Show and Tell

copyright 1999, Karen A. Hertzberg

If you're a reader, you certainly know what you like. If you're a writer, you not only have to know what you like, but why it works. That's not always an easy task.

What's the difference between these two writing samples?


Jack looked at the injured puppy as it came onto the porch and was overwhelmed with
sympathy.  He was afraid to pick it up because he knew injured animals often bite.


The puppy hobbled onto the porch, its head hanging down, eyes averted.  Its coat was caked with dirt and dried blood. Jack reached for the shivering animal.  His throat
constricted and tears stung his eyes as he fought the overwhelming urge to sweep the
little dog into his arms. He knew better. Injured animals often bite.

Okay, here's one similarity; neither sample is great literature.  But aside from that, which sample do you like best?  Which sample gives us imagery and action?  The answer is clearly sample two, but why?

Sample one states very succinctly that something happened, and describes how our character, Jack, felt about it.  It certainly doesn't waste any words.  Sample two doesn't just talk about what's happening and how our character feels, it vividly demonstrates it by painting a word picture for us.  Sample One is "telling".  Sample Two is "showing".

Ask any editor and they will probably admit that the difference between an amateur
writer and a seasoned one usually boils down to show and tell.  Paragraphs like Sample One scream a writer's inexperience to the rooftops.  Veteran writers don't "tell", at least not when they have the opportunity to "show".

So, how do we learn to show, instead of tell?  Read through your writing with the

distinct purpose of looking for "show, don't tell" problems.  You're bound to find examples. Sometimes, telling can't be avoided.  There will be times when you just have to explain something succinctly, and doing otherwise would make your prose seem wordy and pretentious."  More often than not, however, telling can be avoided.

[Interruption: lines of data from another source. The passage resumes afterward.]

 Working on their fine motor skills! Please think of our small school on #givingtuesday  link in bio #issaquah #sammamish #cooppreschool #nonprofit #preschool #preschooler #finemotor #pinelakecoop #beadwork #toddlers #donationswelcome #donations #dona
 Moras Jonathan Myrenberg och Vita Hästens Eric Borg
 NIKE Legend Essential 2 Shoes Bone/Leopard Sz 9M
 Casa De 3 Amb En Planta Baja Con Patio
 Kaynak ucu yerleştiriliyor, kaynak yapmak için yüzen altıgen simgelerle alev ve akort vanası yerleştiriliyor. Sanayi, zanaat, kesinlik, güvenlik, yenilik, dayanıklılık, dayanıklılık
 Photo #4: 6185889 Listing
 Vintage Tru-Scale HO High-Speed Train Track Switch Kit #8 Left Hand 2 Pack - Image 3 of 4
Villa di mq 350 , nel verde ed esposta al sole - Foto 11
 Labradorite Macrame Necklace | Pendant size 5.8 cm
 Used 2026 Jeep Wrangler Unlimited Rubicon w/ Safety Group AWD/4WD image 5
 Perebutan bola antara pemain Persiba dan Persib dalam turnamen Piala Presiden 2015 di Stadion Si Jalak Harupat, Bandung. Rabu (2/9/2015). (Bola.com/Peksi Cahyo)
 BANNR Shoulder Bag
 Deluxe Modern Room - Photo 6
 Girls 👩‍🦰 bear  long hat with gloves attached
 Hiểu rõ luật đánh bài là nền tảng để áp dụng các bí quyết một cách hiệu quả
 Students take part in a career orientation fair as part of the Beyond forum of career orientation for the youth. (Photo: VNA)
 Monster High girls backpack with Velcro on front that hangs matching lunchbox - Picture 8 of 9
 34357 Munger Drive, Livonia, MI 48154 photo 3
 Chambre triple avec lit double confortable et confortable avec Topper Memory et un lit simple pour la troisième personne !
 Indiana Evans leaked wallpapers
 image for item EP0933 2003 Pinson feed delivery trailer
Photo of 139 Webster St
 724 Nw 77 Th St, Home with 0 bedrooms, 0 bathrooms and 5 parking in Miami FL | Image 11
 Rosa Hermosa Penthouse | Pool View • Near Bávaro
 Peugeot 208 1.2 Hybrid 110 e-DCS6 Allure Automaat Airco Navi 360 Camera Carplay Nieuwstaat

When you find yourself using words that define a character's emotions in your writing--as in "he felt happy"--you can be almost certain you're doing some telling. You'll have to admit, there's a big difference in the amount of impact your writing will have when, as opposed to saying "he felt happy" you say, "He leapt from his chair, grinning like a lunatic, and did a little jig on the throw rug."  Either describes a happy man, but the second is vibrant and gives us a very concrete image of just HOW happy this fellow is.

Another indicator of telling is passive or weak voice.  Passive verbs are those "to be"
verbs like "was" and "were" and "are".  Weak verbs are those that don't say anything
with any amount of punch, like "went" and "felt" and "looked".  As in:

The cat went away vs.
The cat bolted out of the yard

It looked like rain vs.
Heavy clouds hung in the darkening sky.

He felt angry vs.
He punched a hole in the wall.

Watch out for adverbs, too.  "He felt VERY angry" isn't any better than "He felt angry",
and it's still telling.  "He punched a hole in the wall" really doesn't leave us guessing
how angry this character was.

Remember when you were in school and you'd have Show and Tell?  Remember the
popular kid who got up in front of class and told everybody how he spent his Summer
with his family at the beach looking for seashells and blah, blah, blah, blah?  Remember the geek with the tape on his glasses who didn't ramble on about the beach, but brought an actual shark's tooth to pass around the classroom?  Okay honestly, peer politics aside, which presentation did YOU like better?